───── TASK MATERIAL

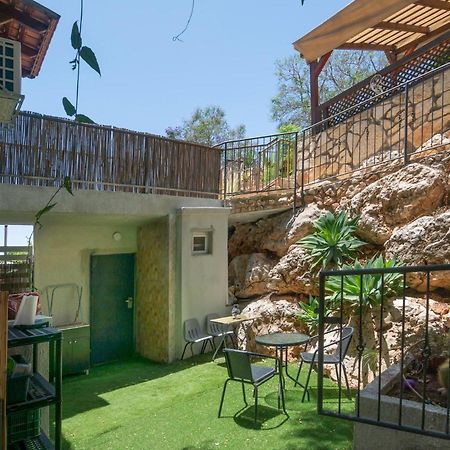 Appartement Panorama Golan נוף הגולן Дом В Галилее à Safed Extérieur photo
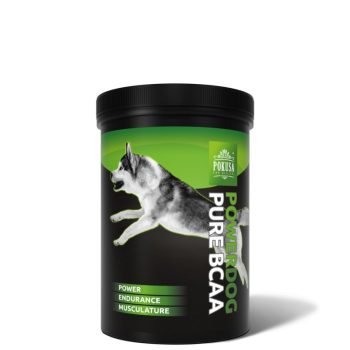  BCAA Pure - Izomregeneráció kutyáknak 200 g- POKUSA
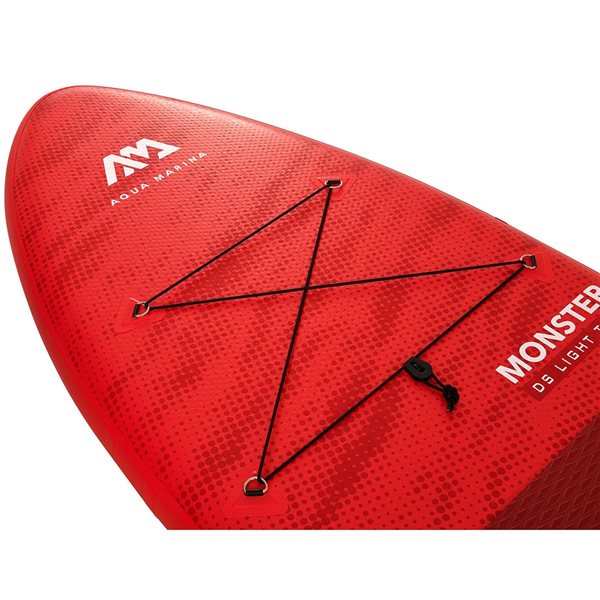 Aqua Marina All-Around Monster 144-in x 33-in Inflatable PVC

──────────
───── TASK MATERIAL

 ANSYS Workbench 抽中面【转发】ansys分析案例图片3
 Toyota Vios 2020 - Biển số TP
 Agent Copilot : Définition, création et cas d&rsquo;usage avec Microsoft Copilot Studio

──────────

Only one stretch of the entries above is needed: the lines from the one containing "Appartement Panorama Golan" through the one containing "Aqua Marina All-Around". Copy it exactly, without the pictures.

§ **REPLY TO THE EXERCISE**
 Appartement Panorama Golan נוף הגולן Дом В Галилее à Safed Extérieur photo
  BCAA Pure - Izomregeneráció kutyáknak 200 g- POKUSA
 Aqua Marina All-Around Monster 144-in x 33-in Inflatable PVC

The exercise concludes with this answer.